Data section:
-*-*-

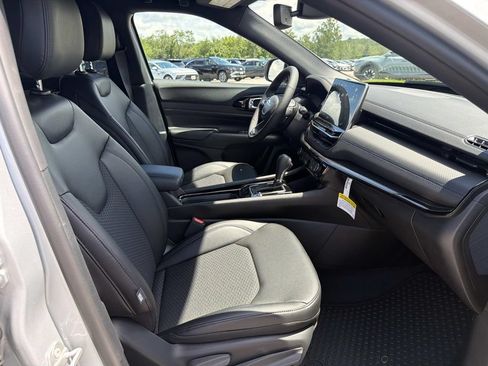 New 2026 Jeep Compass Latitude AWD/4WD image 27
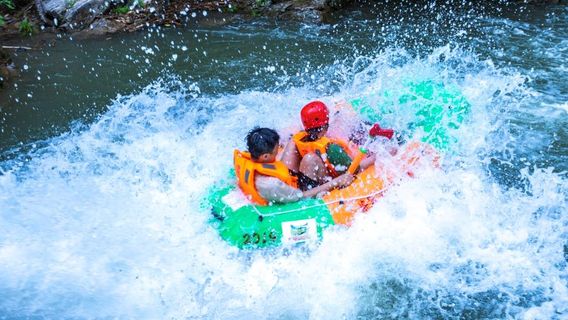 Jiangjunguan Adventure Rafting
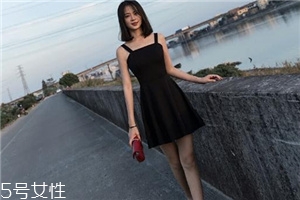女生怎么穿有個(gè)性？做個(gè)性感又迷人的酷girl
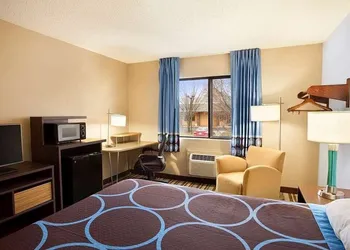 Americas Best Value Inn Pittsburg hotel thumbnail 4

-*-*-

Work required:
Return the material exactly as written, except for any pictures it holds.

Problem solution:
 New 2026 Jeep Compass Latitude AWD/4WD image 27
 Jiangjunguan Adventure Rafting
女生怎么穿有個(gè)性？做個(gè)性感又迷人的酷girl
 Americas Best Value Inn Pittsburg hotel thumbnail 4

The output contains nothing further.